Assigned task |
Using the data below, return word for word every line from the one holding "Резистор печки Nissan" down to the one holding "Hai bệnh nhi". Leave pictures out.

[Stored data Boundary: Start]

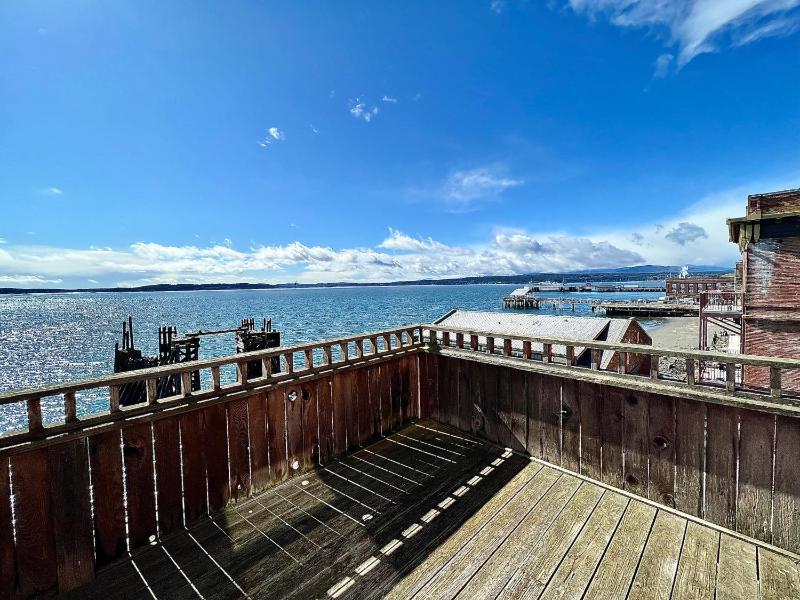 Suite #15 Ocean View Private Deck - Pet Friendly image 3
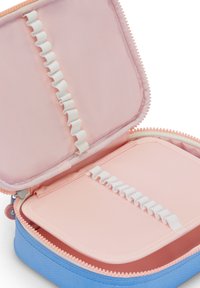 Kipling Pennfodral - sweet blue combo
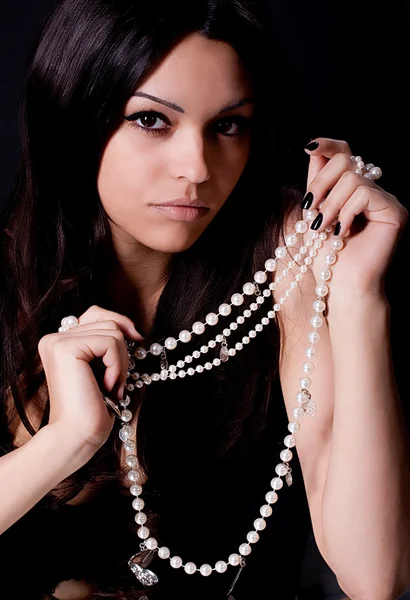 Portret van mooie jonge vrouw met gouden sieraden — Stockfoto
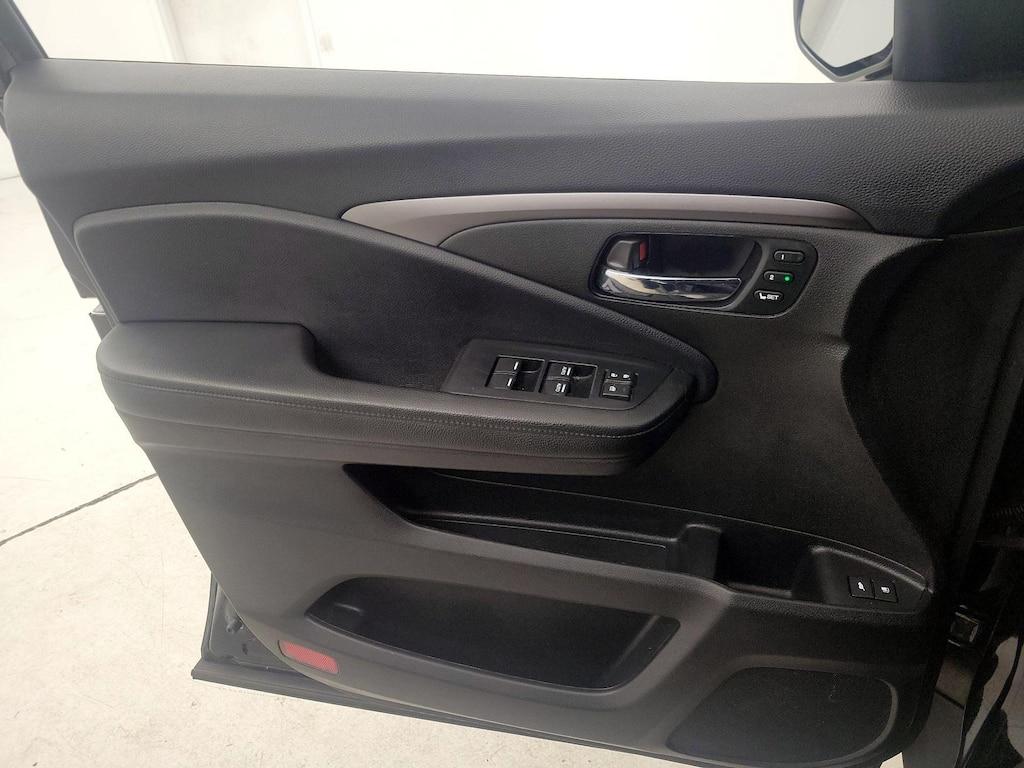 used 2021 Honda Passport car, priced at $29,998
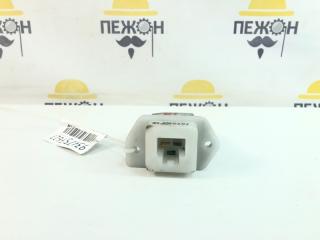 Резистор печки Nissan Juke 2010 271508H300 F15 1.6 HR16DE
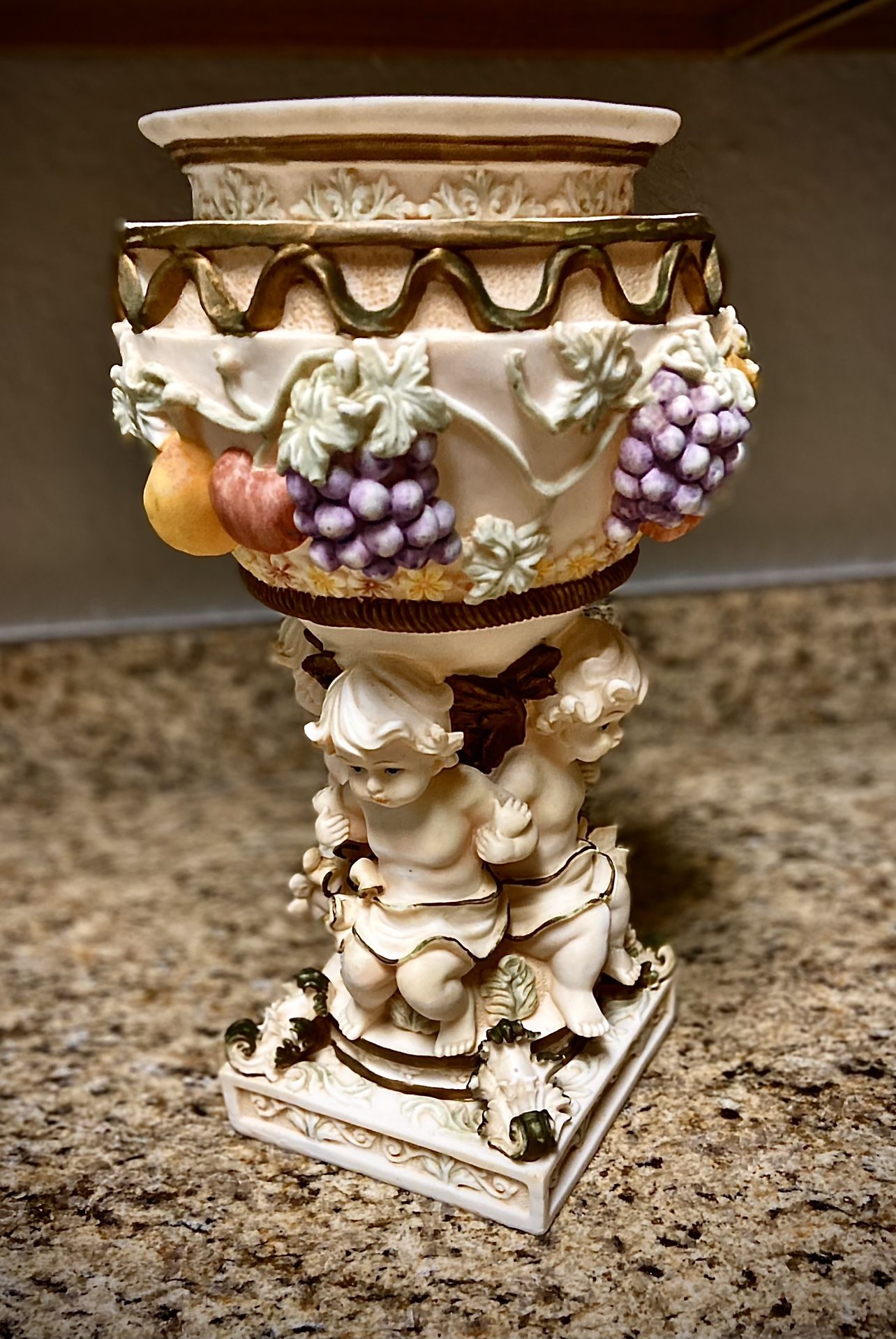 Beautiful .**Angel Cherub Fruit Candy Bowl **
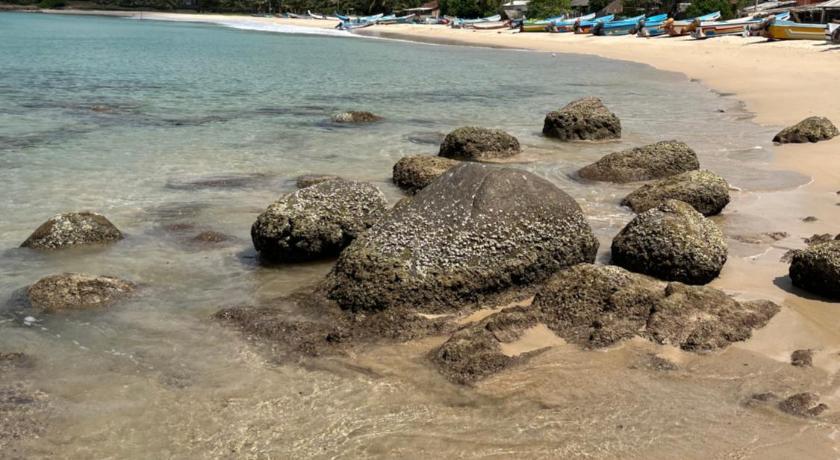 Janas Blue Water Corner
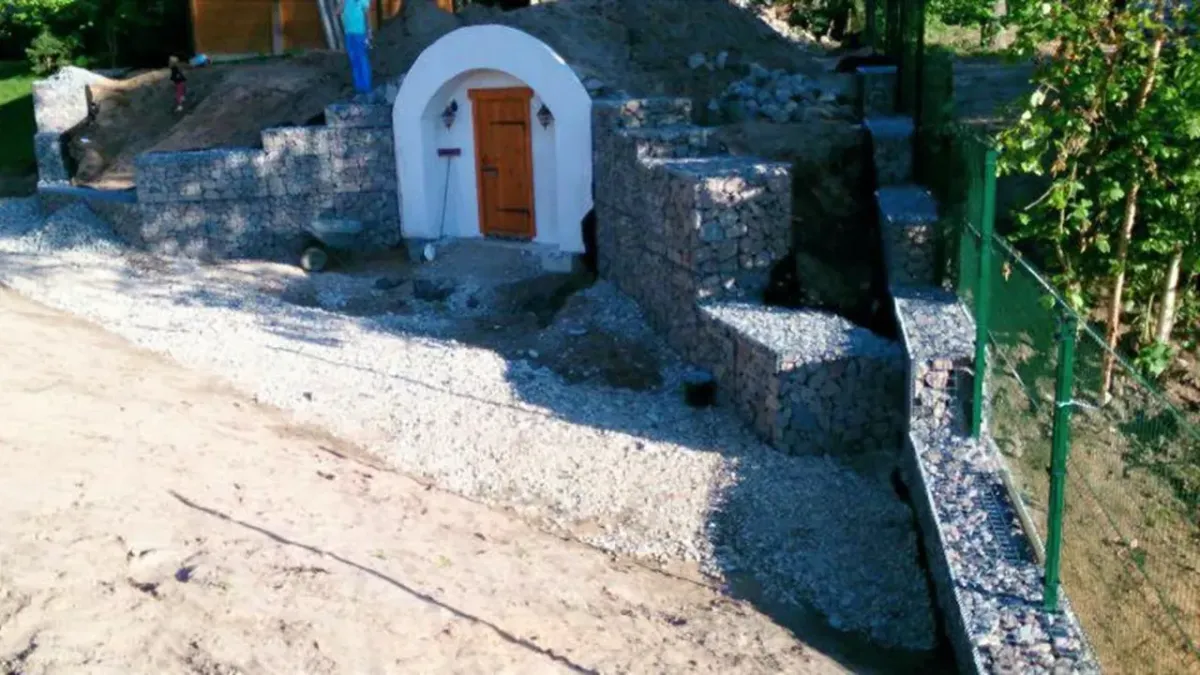 Gabioon aiaalune Valgas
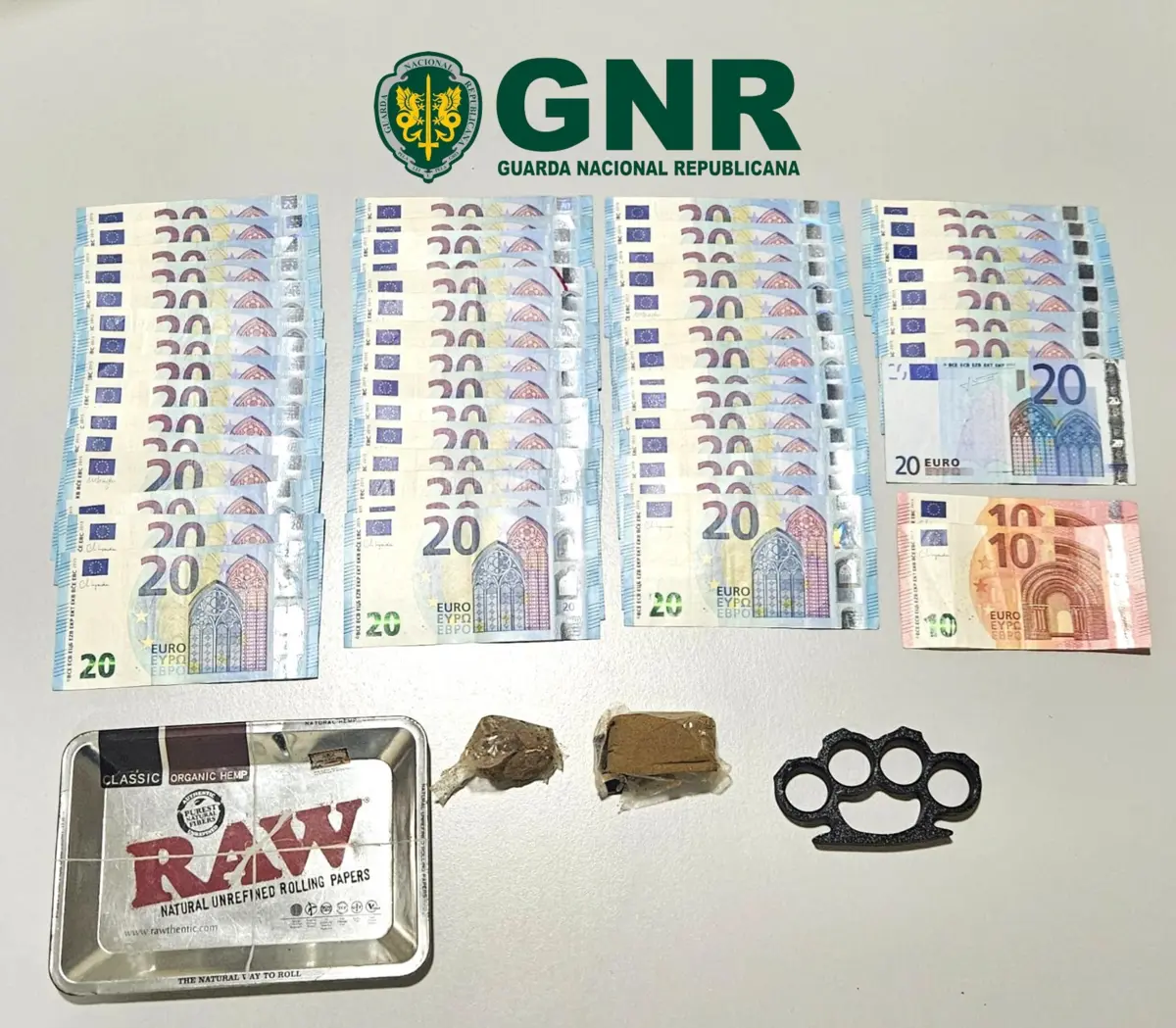 Material apreendido pela GNR ao suspeito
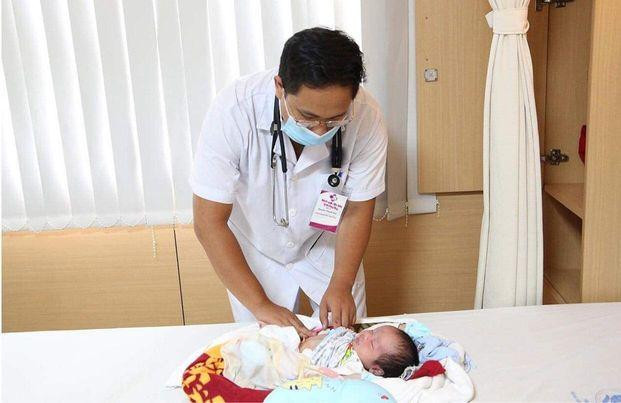 Hai bệnh nhi vừa sinh mấy ngày tuổi đã tắc ruột phải cấp cứu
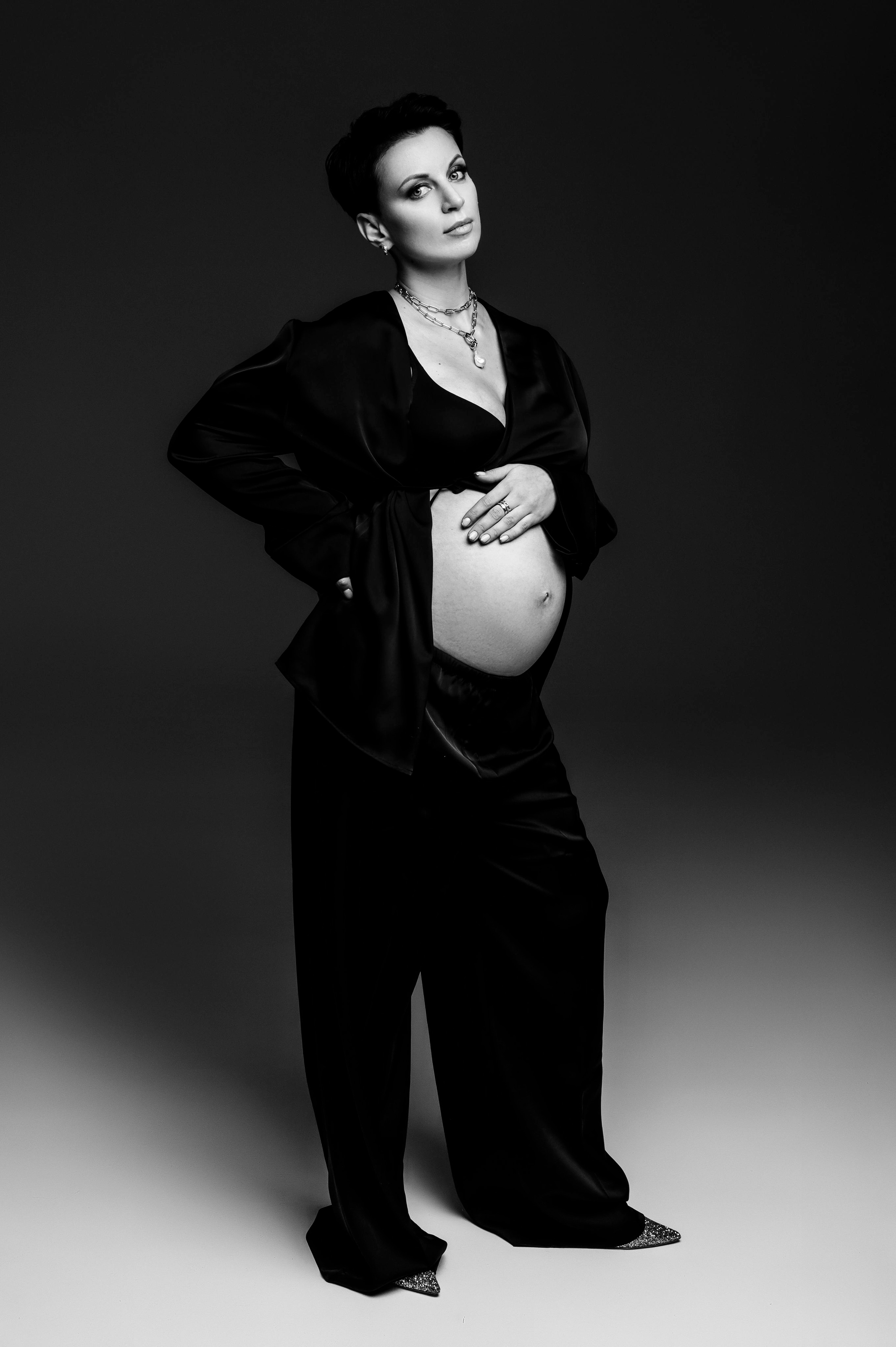 Карина и Евгений. Профессиональный фотограф беременности в СПБ. Стильные фотосессии беременности в стиле минимализм и классическая фотография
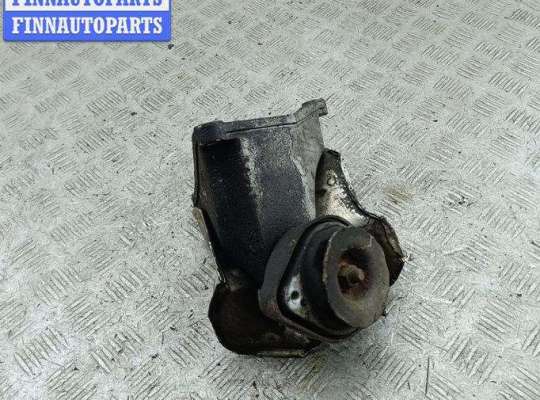 купить Кронштейн КПП опорный на Audi A6 C5 (1997-2005)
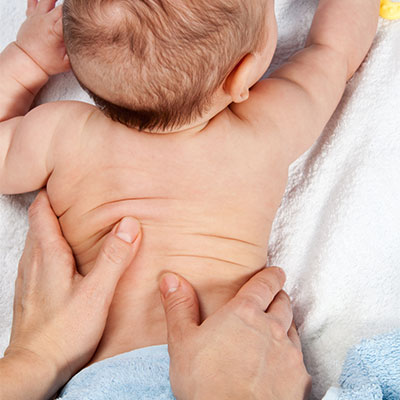 Massage bébé éveil et bien-être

[Stored data Boundary: End]

Exercise solution |
 Резистор печки Nissan Juke 2010 271508H300 F15 1.6 HR16DE
 Beautiful .**Angel Cherub Fruit Candy Bowl **
 Janas Blue Water Corner
 Gabioon aiaalune Valgas
 Material apreendido pela GNR ao suspeito
 Hai bệnh nhi vừa sinh mấy ngày tuổi đã tắc ruột phải cấp cứu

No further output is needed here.